Ce spectacle prendra la forme d’un monologue féminin, accompagné et soutenu par la présence d’un très jeune musicien. Comme à mon habitude, je souhaite appuyer, compléter le sens de l’oeuvre par la sensibilité d’une écriture musicale.
J’ai rencontré Marine Bachelot Nguyen en juin 2011 lors d’une performance avec la compagnie Dérézo. Il s’agissait, pour une équipe constituée au hasard d’un tirage au sort (1 auteur, 1 metteur en scène, 1 comédien), de réaliser en 24 heures un spectacle. J’ai beaucoup apprécié l’écriture dynamique de Marine.

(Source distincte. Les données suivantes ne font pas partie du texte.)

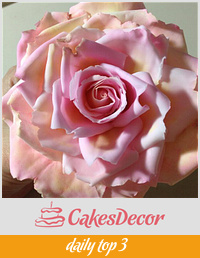 Large Pink and Yellow Icing Rose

Lorsque j’ai éprouvé le désir de mettre en chantier un travail autour des thématiques que je développerai ci-dessous, c’est très instinctivement que j’ai pensé à associer Marine à l’écriture. J’aime son militantisme et son écriture engagée.
Dans la droite lignée de la complicité qui me lie à André Markowicz depuis 10 ans autour de la mise en scène de ses traductions des pièces du répertoire, je souhaite désormais m’associer à un auteur en co-écriture. Je veux pouvoir dialoguer à chaque étape de travail, chaque noeud dramaturgique. Marine Bachelot Nguyen sera présente aux répétitions ; elle m’accompagnera sur la dramaturgie, pourra réécrire si besoin quelques détails, accompagner la comédienne dans l’orientation esthétique de son interprétation.
Le sujet de la pièce me tient à coeur depuis très longtemps. C’est celui de la dérive. Comment de cercle d’amis en cercle d’amis une personne peut dévier de son chemin, de ses idéologies politiques et morales premières. Et ainsi devenir quelqu’un d’autre. Je trouve cette notion de glissement de terrain très intéressante à porter sur un plateau.
Deux évènements ont déclenché en moi la nécessité de travailler sur ce sujet aujourd’hui :
- le jour où il m’a fallu présenter une pièce d’identité pour aller récupérer ma fille à l’école maternelle en face du TNB car la rue était bloquée à cause des manifestations de Civitas à l’occasion des représentations du spectacle de Roméo Castellucci Sur le concept du visage du fils de Dieu.
- le suicide en juin 2014 de Peter, jeune gay, membre de l’association Le Refuge.
Après des années à mettre en scène des oeuvres du répertoire, j’ai ressenti l’urgence de parler des clivages qui sous-tendent notre société, de toutes ces haines qui deviennent ordinaires.
Au départ, je souhaitais travailler une adaptation du Bouc de Fassbinder (traitant du racisme dans une petite communauté) en y intégrant le monologue de cette femme modérée qui, par ses fréquentations, devient une militante très active pour La manif pour tous. C’est ainsi que nous avons commencé le travail de documentation et d’imprégnation du sujet avec Marine Bachelot Nguyen. Puis la nécessité de faire de ce monologue un spectacle à part entière s’est imposée à moi.